May 1 LPG Rule Changes Update: Will gas cylinder prices rise again? What consumers should know
May 1 LPG Rule Changes News: Indian LPG consumers face rising fuel prices due to West Asian conflicts, with domestic and commercial cylinder costs already up. New rules from May 1 may further tighten booking and delivery systems. The government is...

May 1 LPG Price changes
The ongoing US-Israel-Iran conflict has triggered a ripple effect on fuel prices in India. Oil marketing companies increased the price of the 14.2 kg domestic LPG cylinder by Rs 60 last month across the country. The impact was sharper on commercial users. The 19 kg commercial LPG cylinder has seen three hikes within a month. Prices went up by Rs 196 in April 2026 in metro cities, after a Rs 114.5 increase on March 7. This followed an earlier hike of Rs 28–31 on March 1. Oil companies generally announce price revision at the start of the month.With global crude markets still volatile, another price revision is widely expected at the start of May.
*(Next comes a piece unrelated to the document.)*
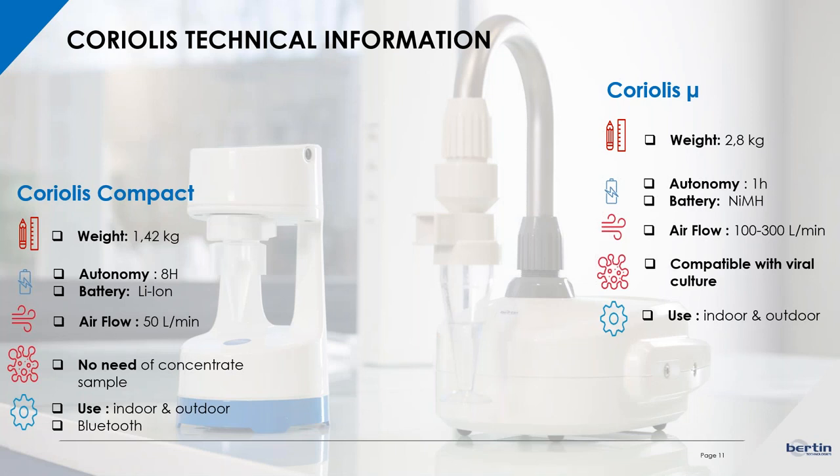Regarding the technical information, you can find the differences between the two Coriolis models here. The Coriolis compact is smaller and really light — only 1.5 kilograms — with 8 hours of autonomy and an airflow of 50 liters per minute. One of its main advantages is that you get a concentrated sample collected on a dry cone without any liquid. The Coriolis micro weighs around 2.8 kilograms, has one hour of battery autonomy, and the airflow can range between 100 to 300 liters per minute. Its main advantage is that microorganisms are collected in a liquid, making it compatible with viral culture and classical microbiological culture.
LPG Gas Cylinder Booking rules
The government has already made booking rules stricter. Consumers in cities now have to wait 25 days between bookings, up from 21 days earlier. In rural areas, the gap can go up to 45 days.Delivery systems have also changed. An OTP-based authentication mechanism is now in place and is likely to become permanent. Officials say this system is aimed at stopping misuse and diversion of subsidised cylinders.
Online bookings now account for nearly 98% of total requests, while about 94% of deliveries are verified through authentication codes.
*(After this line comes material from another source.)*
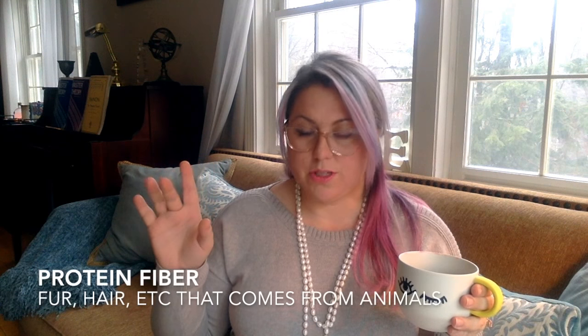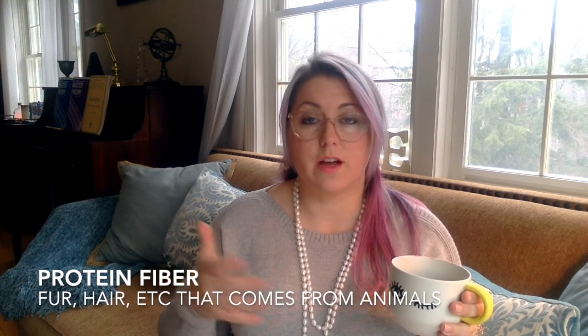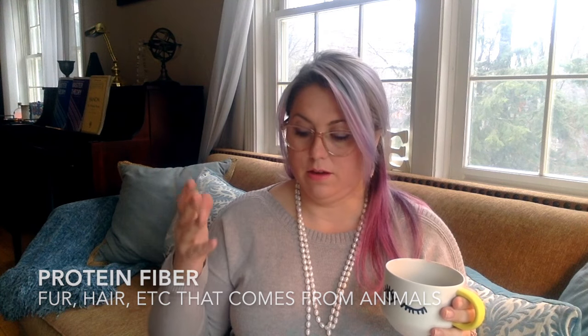Before I delve into the different qualities of wool, I want to briefly talk about the four varieties of fiber. There are protein fibers — basically hair or fur that comes from an animal: sheep, alpaca, camel, yak, even silk. It can even be humans and pets. All of this hair is protein.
The rules may further tightened in May to check the spillages and delivery bottlenecks.
Aadhaar eKYC: Who needs to do it and when
The government has made Aadhaar-based eKYC mandatory for beneficiaries of the Pradhan Mantri Ujjwala Yojana (PMUY), but only for those who have not completed it yet. For other LPG users, there is no need to repeat the process if it has already been done.For PMUY beneficiaries, authentication is required only once in a financial year. This step becomes necessary to receive targeted subsidy transfers after seven refills, starting from the eighth refill.
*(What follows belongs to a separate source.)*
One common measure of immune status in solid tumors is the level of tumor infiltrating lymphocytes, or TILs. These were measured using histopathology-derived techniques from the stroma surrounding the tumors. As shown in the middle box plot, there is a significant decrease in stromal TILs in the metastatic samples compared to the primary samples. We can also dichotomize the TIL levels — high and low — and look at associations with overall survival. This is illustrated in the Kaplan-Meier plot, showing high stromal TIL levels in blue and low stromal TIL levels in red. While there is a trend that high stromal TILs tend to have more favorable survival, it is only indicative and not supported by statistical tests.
Switch to PNG or risk losing your LPG connection
A major policy shift is underway as the government pushes households to move from LPG to piped natural gas (PNG), wherever available.Consumers who already have PNG connections are no longer allowed apply for new LPG connections or continue with the old LPG supply. A late-March order has made the stance even stricter: LPG supply will be stopped after three months if a household does not switch to PNG despite access in their area.
Since March 2026, around 5.45 lakh PNG connections have been installed. Infrastructure is ready for another 2.62 lakh connections, taking the total capacity to over 8 lakh. So far, more than 6 lakh households have registered for PNG.
Supply picture: Domestic consumers prioritised
Despite the global supply pressure, the government says it is ensuring uninterrupted supply for households. Domestic LPG, PNG, and CNG for transport continue to be fully supplied.On the commercial side, priority is being given to critical sectors such as hospitals, education, pharmaceuticals, steel, automobiles, seeds, and agriculture. Supply of 5 kg cylinders for migrant workers has also been doubled.
The combination of rising prices, stricter rules, and a forced shift towards PNG signals a broader reset in how cooking fuel is supplied and consumed in India. For households, this means planning usage more carefully, adapting to new systems, and possibly preparing for a transition away from traditional LPG cylinders in the near future.